According to old Providence Directories we find that during the 1850s, Reuben Harlow Neal Bates was a Pattern Maker employed by the Barstow Stove Company. He had nine children, the last born in 1856, and it has been suggested that he may have made the dolls only for his family and the children of his friends. However, this seems rather illogical since, in nearby Central Falls, Izannah Walker was producing the same type of doll probably very cheaply, and while they had no claim to beauty they were certainly more attractive than the Bates doll, whose left eye is definitely higher than the right, giving her face a one-sided look. At first I thought this effect might’ve been from the fault of the artist painting Suzy‘s features, but the mold proves otherwise.


This winter, a collector friend, Mrs. Margaret Elvin, and I decided to do a little experimenting to see what sort of a face we could produce with the old mold. We lined the hollow part with a paste-saturated buckram covering this with several layers of narrow strips of paper toweling, then pressed the other half of the mold into the wet mass allowing a couple of weeks for thorough drying. We had no mold for the back of the head but we formed one of sorts from a heavy aluminum foil, repeating the process used for the face.


When both were dry and firm we seamed the two parts together as in the original, then formed a neck and shoulders of heavy cotton cloth to which we attached the head. The hole was then stuffed with cotton batting (reinforced with a wooden dowel, as are all this type of doll.) Overall we stretched and pasted old white stocking material, painted it and the unbeautiful result may be seen in the accompanying illustration. Done by our method we both agreed that the time consumed as well as the result would hardly warrant the producing of this type of doll commercially, but we had fun doing it.

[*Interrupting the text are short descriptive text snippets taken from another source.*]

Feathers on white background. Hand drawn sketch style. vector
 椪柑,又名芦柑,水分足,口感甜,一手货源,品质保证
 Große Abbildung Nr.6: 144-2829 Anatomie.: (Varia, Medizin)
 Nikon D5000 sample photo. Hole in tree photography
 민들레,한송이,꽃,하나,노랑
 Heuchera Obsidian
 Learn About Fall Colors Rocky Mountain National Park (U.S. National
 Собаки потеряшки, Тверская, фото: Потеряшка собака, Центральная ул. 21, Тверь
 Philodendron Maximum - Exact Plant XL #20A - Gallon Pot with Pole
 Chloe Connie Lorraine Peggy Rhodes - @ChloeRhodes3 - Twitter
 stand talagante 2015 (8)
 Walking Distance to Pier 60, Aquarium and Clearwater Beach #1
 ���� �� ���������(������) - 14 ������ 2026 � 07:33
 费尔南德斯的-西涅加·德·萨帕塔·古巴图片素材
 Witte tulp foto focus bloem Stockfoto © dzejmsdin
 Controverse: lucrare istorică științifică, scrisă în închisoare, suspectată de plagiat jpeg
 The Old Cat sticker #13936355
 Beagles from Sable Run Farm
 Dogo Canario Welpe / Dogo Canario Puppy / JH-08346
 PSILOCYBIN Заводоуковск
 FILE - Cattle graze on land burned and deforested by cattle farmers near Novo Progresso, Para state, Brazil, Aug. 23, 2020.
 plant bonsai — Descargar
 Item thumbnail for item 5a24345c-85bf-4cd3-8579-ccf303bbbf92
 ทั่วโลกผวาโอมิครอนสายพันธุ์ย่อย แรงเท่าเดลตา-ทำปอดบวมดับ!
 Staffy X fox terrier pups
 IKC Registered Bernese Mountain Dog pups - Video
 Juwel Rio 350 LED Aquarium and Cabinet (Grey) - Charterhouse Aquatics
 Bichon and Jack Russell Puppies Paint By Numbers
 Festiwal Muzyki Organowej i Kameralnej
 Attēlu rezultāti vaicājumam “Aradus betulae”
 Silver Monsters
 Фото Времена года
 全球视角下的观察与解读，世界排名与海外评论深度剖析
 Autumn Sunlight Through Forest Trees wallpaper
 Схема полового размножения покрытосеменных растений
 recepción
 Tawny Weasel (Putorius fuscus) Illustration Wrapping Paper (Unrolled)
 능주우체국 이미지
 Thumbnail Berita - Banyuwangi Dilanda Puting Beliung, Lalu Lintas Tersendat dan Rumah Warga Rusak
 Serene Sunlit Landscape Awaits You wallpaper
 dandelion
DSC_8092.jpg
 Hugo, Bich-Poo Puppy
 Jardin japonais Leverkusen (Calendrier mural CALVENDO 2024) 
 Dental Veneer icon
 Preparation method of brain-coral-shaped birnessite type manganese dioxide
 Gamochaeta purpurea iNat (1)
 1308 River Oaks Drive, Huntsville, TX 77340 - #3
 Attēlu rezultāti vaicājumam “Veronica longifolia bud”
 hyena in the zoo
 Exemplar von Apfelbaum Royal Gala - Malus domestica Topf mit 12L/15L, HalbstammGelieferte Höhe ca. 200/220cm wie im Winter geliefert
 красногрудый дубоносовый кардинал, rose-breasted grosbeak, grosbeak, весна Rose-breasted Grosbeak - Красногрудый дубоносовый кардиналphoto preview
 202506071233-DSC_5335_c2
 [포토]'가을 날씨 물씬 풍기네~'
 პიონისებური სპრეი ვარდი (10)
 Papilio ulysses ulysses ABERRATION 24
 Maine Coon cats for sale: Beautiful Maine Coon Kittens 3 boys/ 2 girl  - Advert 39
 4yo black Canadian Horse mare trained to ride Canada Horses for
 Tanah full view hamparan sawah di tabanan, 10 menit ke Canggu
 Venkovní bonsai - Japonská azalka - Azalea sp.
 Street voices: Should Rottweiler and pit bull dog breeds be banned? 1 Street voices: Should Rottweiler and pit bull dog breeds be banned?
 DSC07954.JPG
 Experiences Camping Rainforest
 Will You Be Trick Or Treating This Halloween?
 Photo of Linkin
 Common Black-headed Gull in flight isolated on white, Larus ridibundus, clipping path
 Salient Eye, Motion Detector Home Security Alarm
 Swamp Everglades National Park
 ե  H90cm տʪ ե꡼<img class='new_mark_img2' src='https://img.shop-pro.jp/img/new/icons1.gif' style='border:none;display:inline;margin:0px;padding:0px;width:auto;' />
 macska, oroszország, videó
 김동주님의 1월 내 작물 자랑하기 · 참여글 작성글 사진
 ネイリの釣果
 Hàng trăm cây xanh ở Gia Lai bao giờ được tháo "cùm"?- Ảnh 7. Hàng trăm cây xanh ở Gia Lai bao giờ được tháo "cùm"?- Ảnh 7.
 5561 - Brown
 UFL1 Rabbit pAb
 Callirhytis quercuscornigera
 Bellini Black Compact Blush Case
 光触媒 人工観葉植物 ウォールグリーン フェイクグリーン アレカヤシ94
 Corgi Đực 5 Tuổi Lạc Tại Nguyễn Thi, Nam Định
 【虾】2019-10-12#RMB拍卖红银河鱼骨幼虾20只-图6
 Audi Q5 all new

Until recently I thought there was another distinguishing feature of the Bates style, namely that the eyes are painted blue. I had never seen a Walker with anything but brown eyes. But just lately a friend offered me a doll which had just emerged from storage – – the old family doll. “It wouldn’t by any chance have blue eyes with it?”  I asked. The reply was that it had. “At last we have found a sister for Susey,” I thought. But alas no. When she appeared, she was, beyond a doubt, a blue-eyed Walker. It would be interesting to know if there were others so painted, scattered about the country.


In an effort to get to the bottom of this mystery, another possibility has occurred to me. Might it be that Izannah engaged Reuben to produce a mold for her. Being a departure from his regular business, did he, perhaps, come up with this one sided face which she would, of course, have refused to except. And did he then being a thrifty New Englander, undertake to do a little experimenting for himself, as my friend and I have just done, rather than throw away the initial mold he had put his time and skill into making? And did I Zana, commending his thrift, give him a pattern of the body she was putting on her own dolls? It does seem to be identical, even to the blue cambric covering. And did he, then produce a few dollars, just for his own children and for for those of the neighbors?


Probably we shall never know. Unless some of the readers of this article take a look at their Walker dolls, recognize the clues given and find they have a Bates, then we must conclude that the poor little Susey must resign herself to being without a relative in the world. On the other hand, perhaps there is a certain distinction in being a one-and-only.